Wine had a prominent place at this new Mediterranean table it was now part of a "lifestyle," while beer remained just a drink. The power of these linguistic associations can be measured: A Google search of beer and passion yields 1.48 million entries, while wine and passion yields four times that; a search of beer and lifestyle yields 1.6 million entries; wine and lifestyle turns up 13 million. The explosion of lifestyle in America is such a recent phenomenon, in fact, that my 1987 Compact Oxford English Dictionary doesn't even have an entry for the word. But marketers know what it means: intangible values attached to material goods. Or: serious bank. Beer executives are in the process of trying to limit their product's associations with certain lifestyles "frat-boy animal house," for example, or "devotees of the brown bag Bud lunch" without alienating those core audiences; beer marketers seem torn between broadening their appeal and energizing their base. But brand repositioning has to be at least somewhat convincing: In 2005, Anheuser-Busch released a malt liquor called Bistro 8, a "new fermented beverage created in collaboration with Master Chefs to complement Bistro Fare. Bistro 8 features the aromas of exotic fruits, spices and citrus. Bud executives pulled it.
Wine marketers have it comparatively easy. They merely summon a picture of a bucolic vineyard or people raising their glasses around a table full of food they don't have to sell their selling points . This is why brewers have been frantically pushing beer-and-food pairings lately. Beer which can be great with food, by the way is in danger of being left out of the American mealtime, banished to the den (only when pro sports are on) or to the back porch (only for the early rounds of grilling).
The boom in foodie connoisseurship in this country has dovetailed with the rise of pastoral chic. Both trends work in wine's favor. Wine, even when it's made at oil-refinery volume, can trade on pastoral associations; beer seems somewhat industrial, no matter how handcrafted the brew. This is a serious handicap. Cheers columnist Lew Bryson, in his beery lament, acknowledges as much when he calls for "a change in beer's culture: Scotch whisky people don't talk about 'moving units' of 'the liquid'; they talk about 'selling cases of whisky.' "
But it's more than a question of switching terminology. Wine is basically an agricultural product (fermented grapes), while beer is the result of a complicated process of manufacture (boiling barley to extract sugars, adding hops and yeast, fermenting the wort that results). This holds true whether the brewer is a medieval English villager or Anheuser-Busch. The hallmark of beer is consistency: A brewer strives to make batch after batch of Pilsener so it tastes the same and often succeeds without much difficulty. Wine is more variable: The sugar levels and tannins and acidity of the grapes fluctuate from year to year, and so does the character of the resulting wines. This explains why the whole concept of vintages is so central to wine but largely absent from beer.

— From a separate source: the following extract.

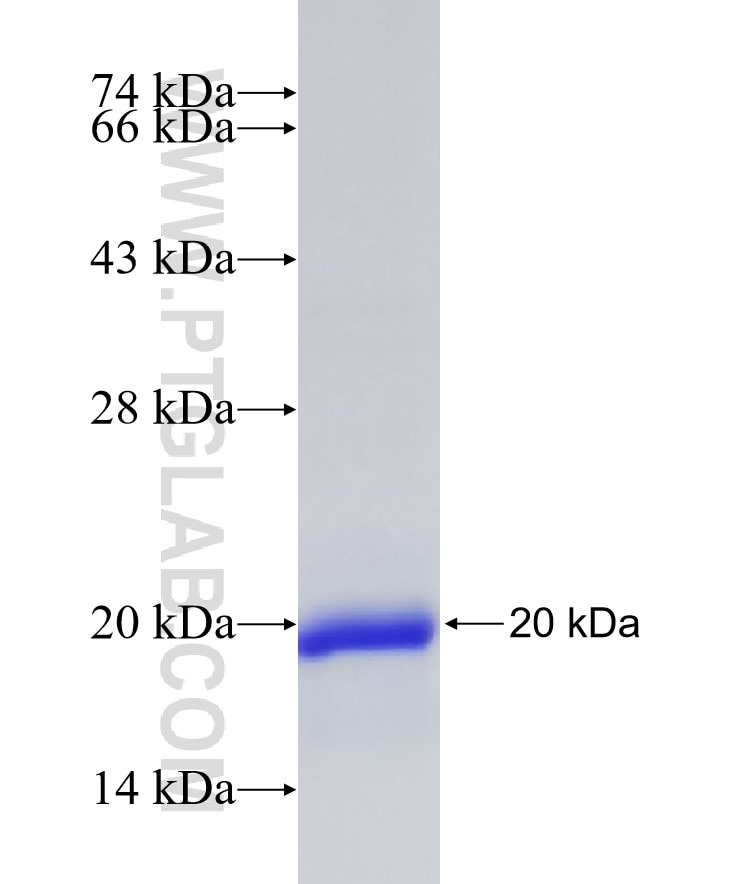 SLC5A5 fusion protein Ag19277 SDS-PAGE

In fact, you can trace the United States' shift from an agrarian society to an urban, industrial one through beer. In the Colonial era, settlers drank mostly hard cider (the rural drink of choice), rum, and whiskey. It wasn't until the mid-19th century, when German immigrants came over in large numbers to man the new factories and brought their brewing skills with them, that beer really took off. When beer became more popular than cider around the time of the Civil War, it signaled an altered American landscape as much as altered tastes. Mass-market beer arose out of two key innovations of the industrial revolution: refrigeration and pasteurization. Suddenly, beer could travel long distances, and lager slowly took over countryside as well as town.
But in America today, beer has lost its grip. In a column on brown ales, Eric Asimov, the drinks writer for the New York Times, wrote a line that could serve as a beer elegy: "Mild brown ales, the knock-back drink of thirsty coal miners and dock workers, are not so appealing to post-industrial office workers, who are less thirsty and more aspirational."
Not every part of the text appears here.